Inclusive International Education

Education is a key component of development. Unequal access to education resources and opportunities is a global challenge. While international organizations recognize the importance of inclusive education, there are still some missing components. For example, in SDG 4 Quality Education, the emphasis for promoting inclusive and quality education is on pre-school, primary and secondary school, and adult vocational training. Not much is said at the level of higher education. I believe that higher education is as important as other stages of education, and an inclusive international higher education can create next generation of global leaders who have greater cultural sensitivity and understanding of inclusive development.

In 2015-2016 academic year, 325,339 American students studied abroad, which takes up 1.6 percent of all American students enrolled in higher education institutions. Among the students who studied abroad, 8.8 percent are students with disabilities. In fact, there has been a growing trend of American students with disabilities to study abroad, from only 0.1 percent in 2011 to today’s 8.8 percent. This is indeed an astounding jump and one big step towards inclusive education.
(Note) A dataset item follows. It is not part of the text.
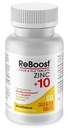 MediNatura ReBoost Cold & Flu Tablets Zinc +10 – Multi-Symptom Relief for Body Aches, Headache, Cough, Runny Nose, Mucus, Chest & Sinus Congestion – Non-Drowsy – Lemon Flavor – 60 Count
While their peers have the opportunity to study abroad, students with disabilities are increasingly able to enjoy the same education resources. With experience living and studying abroad, students can build better cross-cultural communication skills and are more likely to take initiatives on global issues.

While study abroad for American students is becoming more inclusive and accessible, it might not be the case for students in others countries. Achieving inclusive international education is a long-term process that requires not only efforts of education experts, but also cooperation between different actors including government officials, legislators, private sector actors, etc. Inclusive education initiative in one country might benefit students from other countries in the globalized world. Master’s of International Affairs in Comparative and International Disability at the IDPP is an example of inclusive international education, since international students with disabilities can fully participate in this program. It is through initiatives like this that students who are traditionally underrepresented in international education can also benefit from it and earn degrees on issues that affect them. This empowerment will enable them to better advocate for their own rights in global governance in the future since they are trained on language and practice that are common in the global policy-making scene. What’s more, a diverse pool of students studying together, although virtually, enhances their mutual understanding.

Inclusive international education is not captured by many global strategic frameworks. But it is an essential component in the concept of inclusive education in globalization. It requires more initiatives like the ones taken by the IDPP to move international education towards a more inclusive direction so that people who benefit from inclusive international education can one day make an impact and fill in this blank in global strategic frameworks.